From the line containing "3 Bedroom House" to the last line of the records, please reproduce every line exactly and nothing more.
(THE DATA)
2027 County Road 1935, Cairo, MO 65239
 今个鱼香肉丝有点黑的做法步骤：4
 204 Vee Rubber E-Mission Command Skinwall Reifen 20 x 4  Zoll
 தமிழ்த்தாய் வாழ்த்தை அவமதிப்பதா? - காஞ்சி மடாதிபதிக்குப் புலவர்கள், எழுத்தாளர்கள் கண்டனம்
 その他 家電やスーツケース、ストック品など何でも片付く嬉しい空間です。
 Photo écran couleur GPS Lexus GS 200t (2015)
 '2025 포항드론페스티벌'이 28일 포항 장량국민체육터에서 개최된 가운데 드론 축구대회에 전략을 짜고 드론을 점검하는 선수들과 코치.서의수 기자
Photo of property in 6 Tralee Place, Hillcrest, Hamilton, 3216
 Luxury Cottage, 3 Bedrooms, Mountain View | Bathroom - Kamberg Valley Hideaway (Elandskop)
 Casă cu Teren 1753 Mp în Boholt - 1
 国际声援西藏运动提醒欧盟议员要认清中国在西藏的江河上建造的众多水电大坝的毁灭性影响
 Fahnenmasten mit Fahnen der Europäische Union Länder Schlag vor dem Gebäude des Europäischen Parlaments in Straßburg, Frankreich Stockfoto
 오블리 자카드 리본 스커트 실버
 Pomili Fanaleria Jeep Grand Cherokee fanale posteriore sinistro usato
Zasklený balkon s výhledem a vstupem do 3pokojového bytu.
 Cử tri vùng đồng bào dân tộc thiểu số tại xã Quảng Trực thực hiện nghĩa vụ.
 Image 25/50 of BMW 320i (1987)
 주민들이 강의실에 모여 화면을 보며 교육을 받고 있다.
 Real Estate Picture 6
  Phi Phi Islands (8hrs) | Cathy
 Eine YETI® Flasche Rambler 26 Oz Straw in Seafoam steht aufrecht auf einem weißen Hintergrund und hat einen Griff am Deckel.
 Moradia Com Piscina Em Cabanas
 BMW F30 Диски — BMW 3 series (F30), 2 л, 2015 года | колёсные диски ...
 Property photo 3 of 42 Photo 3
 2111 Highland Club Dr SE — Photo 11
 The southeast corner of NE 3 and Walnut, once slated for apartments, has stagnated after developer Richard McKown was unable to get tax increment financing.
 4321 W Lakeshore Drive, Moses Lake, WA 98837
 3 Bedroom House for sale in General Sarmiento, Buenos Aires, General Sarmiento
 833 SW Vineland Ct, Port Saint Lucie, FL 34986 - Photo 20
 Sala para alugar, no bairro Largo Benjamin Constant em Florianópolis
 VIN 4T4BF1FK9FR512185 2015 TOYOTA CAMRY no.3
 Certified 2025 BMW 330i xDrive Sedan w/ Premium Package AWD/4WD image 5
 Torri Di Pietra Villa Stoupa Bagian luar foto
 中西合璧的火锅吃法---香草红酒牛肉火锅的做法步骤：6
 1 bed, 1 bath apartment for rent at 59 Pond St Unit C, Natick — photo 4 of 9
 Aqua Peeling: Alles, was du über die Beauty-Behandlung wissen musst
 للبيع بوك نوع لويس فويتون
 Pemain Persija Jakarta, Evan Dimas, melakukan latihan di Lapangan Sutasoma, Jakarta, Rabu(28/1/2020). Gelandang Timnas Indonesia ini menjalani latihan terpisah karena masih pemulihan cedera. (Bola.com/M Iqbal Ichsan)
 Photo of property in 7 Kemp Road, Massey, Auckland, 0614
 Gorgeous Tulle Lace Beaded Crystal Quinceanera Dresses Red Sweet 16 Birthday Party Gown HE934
(End THE DATA)
WORKED SOLUTION |
 3 Bedroom House for sale in General Sarmiento, Buenos Aires, General Sarmiento
 833 SW Vineland Ct, Port Saint Lucie, FL 34986 - Photo 20
 Sala para alugar, no bairro Largo Benjamin Constant em Florianópolis
 VIN 4T4BF1FK9FR512185 2015 TOYOTA CAMRY no.3
 Certified 2025 BMW 330i xDrive Sedan w/ Premium Package AWD/4WD image 5
 Torri Di Pietra Villa Stoupa Bagian luar foto
 中西合璧的火锅吃法---香草红酒牛肉火锅的做法步骤：6
 1 bed, 1 bath apartment for rent at 59 Pond St Unit C, Natick — photo 4 of 9
 Aqua Peeling: Alles, was du über die Beauty-Behandlung wissen musst
 للبيع بوك نوع لويس فويتون
 Pemain Persija Jakarta, Evan Dimas, melakukan latihan di Lapangan Sutasoma, Jakarta, Rabu(28/1/2020). Gelandang Timnas Indonesia ini menjalani latihan terpisah karena masih pemulihan cedera. (Bola.com/M Iqbal Ichsan)
 Photo of property in 7 Kemp Road, Massey, Auckland, 0614
 Gorgeous Tulle Lace Beaded Crystal Quinceanera Dresses Red Sweet 16 Birthday Party Gown HE934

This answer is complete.